Primary LanguageDockerfileMIT LicenseMIT

dbt-action

A GitHub Action to run dbt commands in a Docker container. It uses the official images provided by Fishtown Analytics. You can use dbt commands such as run, test and debug. This action captures the dbt console output for use in subsequent steps.

dbt version

The current version of dbt is 1.4.6. Please note that from dbt v1.0.0. you may have to change your dbt project structure compared to v0.x.x. See the migration docs.

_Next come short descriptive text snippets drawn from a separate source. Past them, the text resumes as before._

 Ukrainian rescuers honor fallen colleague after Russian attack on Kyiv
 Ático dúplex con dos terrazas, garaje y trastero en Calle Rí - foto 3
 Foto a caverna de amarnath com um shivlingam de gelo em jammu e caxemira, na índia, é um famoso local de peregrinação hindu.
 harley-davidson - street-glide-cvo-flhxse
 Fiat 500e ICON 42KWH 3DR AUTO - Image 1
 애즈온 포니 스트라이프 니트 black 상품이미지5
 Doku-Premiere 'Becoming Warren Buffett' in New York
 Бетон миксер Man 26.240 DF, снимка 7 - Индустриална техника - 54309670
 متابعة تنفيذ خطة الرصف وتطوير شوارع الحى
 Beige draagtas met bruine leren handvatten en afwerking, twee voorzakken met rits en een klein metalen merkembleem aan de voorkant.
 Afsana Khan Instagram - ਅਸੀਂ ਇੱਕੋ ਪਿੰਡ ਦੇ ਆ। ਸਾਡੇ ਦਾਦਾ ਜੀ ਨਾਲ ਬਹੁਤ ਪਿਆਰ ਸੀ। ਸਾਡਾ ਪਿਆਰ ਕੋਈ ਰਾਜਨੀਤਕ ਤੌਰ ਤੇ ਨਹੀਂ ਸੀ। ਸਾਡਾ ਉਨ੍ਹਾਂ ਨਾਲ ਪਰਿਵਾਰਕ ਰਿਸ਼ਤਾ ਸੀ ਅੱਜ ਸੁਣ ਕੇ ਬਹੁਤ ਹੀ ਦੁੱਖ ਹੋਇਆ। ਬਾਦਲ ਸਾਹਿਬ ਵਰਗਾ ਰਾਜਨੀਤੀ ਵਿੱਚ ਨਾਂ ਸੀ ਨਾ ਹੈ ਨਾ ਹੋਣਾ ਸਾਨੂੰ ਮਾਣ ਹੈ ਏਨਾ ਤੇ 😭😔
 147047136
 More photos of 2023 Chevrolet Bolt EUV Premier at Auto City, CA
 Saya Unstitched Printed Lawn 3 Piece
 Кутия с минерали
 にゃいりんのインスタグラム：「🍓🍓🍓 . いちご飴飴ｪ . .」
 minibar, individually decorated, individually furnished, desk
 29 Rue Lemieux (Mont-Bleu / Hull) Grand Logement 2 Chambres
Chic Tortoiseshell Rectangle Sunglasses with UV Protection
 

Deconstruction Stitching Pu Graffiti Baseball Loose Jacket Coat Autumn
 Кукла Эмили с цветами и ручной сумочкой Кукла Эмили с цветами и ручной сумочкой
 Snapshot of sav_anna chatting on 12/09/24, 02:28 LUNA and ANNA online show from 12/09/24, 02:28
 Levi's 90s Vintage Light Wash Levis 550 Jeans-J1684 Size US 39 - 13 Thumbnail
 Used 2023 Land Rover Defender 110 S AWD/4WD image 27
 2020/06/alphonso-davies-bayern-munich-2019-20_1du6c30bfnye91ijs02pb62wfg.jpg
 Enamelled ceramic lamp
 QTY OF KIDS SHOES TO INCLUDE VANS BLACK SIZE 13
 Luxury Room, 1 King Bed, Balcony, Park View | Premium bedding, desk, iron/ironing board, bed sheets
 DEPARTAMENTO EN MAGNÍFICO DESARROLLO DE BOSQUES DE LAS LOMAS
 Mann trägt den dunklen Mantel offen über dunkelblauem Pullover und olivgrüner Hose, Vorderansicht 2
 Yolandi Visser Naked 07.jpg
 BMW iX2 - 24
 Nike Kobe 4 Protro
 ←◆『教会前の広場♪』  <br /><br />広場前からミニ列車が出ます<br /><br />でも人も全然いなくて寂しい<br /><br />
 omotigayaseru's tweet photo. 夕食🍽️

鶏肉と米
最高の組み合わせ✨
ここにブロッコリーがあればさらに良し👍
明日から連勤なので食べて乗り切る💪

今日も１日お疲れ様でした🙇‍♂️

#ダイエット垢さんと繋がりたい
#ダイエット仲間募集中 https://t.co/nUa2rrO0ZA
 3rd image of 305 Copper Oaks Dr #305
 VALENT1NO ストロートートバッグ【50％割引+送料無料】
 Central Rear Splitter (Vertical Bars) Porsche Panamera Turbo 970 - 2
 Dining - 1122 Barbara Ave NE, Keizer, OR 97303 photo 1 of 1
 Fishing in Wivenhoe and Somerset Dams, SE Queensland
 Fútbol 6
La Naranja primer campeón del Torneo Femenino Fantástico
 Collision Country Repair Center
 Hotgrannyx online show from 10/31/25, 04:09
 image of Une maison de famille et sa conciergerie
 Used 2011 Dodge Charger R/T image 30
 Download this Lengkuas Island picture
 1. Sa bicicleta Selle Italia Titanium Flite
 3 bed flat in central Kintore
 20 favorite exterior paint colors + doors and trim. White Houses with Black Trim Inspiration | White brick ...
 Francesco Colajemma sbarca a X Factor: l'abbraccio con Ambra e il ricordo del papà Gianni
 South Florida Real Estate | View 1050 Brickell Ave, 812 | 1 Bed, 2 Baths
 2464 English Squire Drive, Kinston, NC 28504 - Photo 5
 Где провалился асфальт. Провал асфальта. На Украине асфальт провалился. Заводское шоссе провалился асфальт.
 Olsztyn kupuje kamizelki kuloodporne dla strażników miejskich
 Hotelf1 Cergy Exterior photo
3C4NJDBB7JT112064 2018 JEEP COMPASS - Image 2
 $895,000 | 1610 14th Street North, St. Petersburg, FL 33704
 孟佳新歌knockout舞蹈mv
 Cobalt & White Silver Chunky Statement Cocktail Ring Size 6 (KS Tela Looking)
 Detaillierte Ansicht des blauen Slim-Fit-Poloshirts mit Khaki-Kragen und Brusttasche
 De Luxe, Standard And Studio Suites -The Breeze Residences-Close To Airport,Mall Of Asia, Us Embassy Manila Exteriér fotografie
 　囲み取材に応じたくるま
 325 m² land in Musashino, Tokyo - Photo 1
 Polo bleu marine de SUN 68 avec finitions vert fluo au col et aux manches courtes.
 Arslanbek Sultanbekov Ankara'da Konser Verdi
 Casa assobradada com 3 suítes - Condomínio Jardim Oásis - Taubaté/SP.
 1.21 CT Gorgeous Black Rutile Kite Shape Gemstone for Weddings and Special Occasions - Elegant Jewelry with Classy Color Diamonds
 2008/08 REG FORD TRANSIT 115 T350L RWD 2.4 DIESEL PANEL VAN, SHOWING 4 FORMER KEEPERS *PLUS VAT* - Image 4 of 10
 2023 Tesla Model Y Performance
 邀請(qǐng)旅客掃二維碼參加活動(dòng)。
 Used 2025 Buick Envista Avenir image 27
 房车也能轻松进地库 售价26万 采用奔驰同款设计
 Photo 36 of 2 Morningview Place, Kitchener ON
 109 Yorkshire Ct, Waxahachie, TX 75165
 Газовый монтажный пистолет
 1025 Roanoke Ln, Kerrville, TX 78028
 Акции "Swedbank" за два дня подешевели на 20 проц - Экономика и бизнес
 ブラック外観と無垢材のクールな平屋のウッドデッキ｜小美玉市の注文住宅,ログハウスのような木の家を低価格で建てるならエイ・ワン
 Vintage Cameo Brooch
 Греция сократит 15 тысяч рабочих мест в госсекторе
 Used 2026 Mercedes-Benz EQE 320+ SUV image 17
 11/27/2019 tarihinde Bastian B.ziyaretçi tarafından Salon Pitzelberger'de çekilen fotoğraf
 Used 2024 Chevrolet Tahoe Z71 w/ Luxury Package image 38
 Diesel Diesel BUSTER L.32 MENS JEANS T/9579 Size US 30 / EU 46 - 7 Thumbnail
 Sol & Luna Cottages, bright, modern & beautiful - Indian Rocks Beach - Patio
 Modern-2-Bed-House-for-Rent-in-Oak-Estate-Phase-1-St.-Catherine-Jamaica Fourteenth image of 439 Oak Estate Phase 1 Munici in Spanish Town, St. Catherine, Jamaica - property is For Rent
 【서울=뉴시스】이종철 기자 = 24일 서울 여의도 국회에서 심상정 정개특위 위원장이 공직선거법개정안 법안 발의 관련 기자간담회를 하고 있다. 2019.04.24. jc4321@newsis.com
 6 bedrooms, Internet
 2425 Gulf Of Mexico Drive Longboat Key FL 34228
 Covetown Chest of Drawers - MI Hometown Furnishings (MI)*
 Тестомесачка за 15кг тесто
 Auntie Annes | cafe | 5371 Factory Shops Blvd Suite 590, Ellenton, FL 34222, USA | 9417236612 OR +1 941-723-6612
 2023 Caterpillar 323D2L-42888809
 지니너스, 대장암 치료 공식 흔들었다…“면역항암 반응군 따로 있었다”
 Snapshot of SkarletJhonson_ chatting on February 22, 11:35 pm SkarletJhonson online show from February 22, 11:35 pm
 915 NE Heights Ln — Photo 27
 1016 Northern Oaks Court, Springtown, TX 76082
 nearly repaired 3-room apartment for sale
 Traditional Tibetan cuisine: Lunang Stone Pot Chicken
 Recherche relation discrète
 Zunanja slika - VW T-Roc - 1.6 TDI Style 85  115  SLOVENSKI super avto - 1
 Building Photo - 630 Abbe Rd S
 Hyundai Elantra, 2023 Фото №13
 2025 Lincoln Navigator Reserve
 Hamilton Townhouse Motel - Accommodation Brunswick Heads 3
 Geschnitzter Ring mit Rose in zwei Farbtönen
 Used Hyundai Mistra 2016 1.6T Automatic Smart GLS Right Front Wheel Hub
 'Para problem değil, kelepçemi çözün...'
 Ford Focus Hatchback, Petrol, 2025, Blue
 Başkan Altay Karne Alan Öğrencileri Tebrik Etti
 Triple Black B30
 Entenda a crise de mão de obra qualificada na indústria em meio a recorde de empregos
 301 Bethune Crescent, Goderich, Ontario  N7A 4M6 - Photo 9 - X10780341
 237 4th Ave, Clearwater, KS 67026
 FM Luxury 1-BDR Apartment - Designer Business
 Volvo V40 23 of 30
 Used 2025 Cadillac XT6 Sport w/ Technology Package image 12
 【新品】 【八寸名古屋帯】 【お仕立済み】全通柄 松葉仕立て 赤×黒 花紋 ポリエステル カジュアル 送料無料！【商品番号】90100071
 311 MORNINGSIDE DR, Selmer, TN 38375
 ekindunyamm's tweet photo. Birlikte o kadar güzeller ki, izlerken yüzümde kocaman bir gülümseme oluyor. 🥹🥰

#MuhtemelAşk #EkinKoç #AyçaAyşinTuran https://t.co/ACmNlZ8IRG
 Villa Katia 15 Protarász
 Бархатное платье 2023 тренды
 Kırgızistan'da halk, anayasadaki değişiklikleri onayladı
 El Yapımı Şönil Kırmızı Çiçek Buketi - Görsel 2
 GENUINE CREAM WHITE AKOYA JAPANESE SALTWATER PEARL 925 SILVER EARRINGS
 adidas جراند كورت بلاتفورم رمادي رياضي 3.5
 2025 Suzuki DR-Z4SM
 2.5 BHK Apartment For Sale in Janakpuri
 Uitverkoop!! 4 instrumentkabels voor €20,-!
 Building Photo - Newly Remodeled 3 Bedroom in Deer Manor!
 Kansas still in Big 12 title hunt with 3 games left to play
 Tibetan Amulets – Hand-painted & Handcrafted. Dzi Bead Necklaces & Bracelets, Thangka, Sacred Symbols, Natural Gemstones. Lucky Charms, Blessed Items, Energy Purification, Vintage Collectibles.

dbt updates their docker images on a frequent basis and the main branch of this Github Action should be close to the last stable tag. If you need to use an earlier version of dbt, you can call this action with a specific release, eg mwhitaker/dbt-action@v0.21.0 or mwhitaker/dbt-action@v0.19.1.

Usage

    - name: dbt-action
      uses: mwhitaker/dbt-action@master
      with:
        dbt_command: "dbt run --profiles-dir ."
      env:
        DBT_BIGQUERY_TOKEN: ${{ secrets.DBT_BIGQUERY_TOKEN }}

Outputs

The result of the dbt command is either failed or passed and is saved into the result output if you want to use it in a next step:

    - name: dbt-action
      id: dbt-run
      uses: mwhitaker/dbt-action@master
      with:
        dbt_command: "dbt run --profiles-dir ."
      env:
        DBT_BIGQUERY_TOKEN: ${{ secrets.DBT_BIGQUERY_TOKEN }}
    - name: Get the result
      if: ${{ always() }}
      run: echo "${{ steps.dbt-run.outputs.result }}"
      shell: bash

The result output is also saved in the DBT_RUN_STATE environment variable. The location of the dbt console log output can be accessed via the environment variable DBT_ACTION_LOG_PATH. See the "Suggested workflow" section on how to use these.

General Setup

This action assumes that your dbt project is in the top-level directory of your repo, such as this sample dbt project. If your dbt project files are in a folder, you can specify it as such:

    - name: dbt-action
      uses: mwhitaker/dbt-action@master
      with:
        dbt_command: "dbt run --profiles-dir ."
        dbt_project_folder: "dbt_project"
      env:
        DBT_BIGQUERY_TOKEN: ${{ secrets.DBT_BIGQUERY_TOKEN }}

Important: dbt projects use a profiles.yml file to connect to your dataset. dbt-action currently requires profiles.yml to be in your repo, alongside the dbt_project.yml file.

Setup for BigQuery

# profiles.yml
my_dataset: # this needs to match the profile: in your dbt_project.yml file
  target: dev
  outputs:
    dev:
      type: bigquery
      method: service-account
      keyfile: ./creds.json # THIS FILE WILL BE GENERATED USING SECRETS DURING BUILD TIME
      project: gcloud-project # Replace this with your project id
      dataset: mydataset # Replace this with dbt_your_name, e.g. dbt_bob
      threads: 1
      timeout_seconds: 300
      location: US
      priority: interactive

Note that the ./creds.json keyfile is generated during build time using secrets, so your service account credentials are not exposed in the repo.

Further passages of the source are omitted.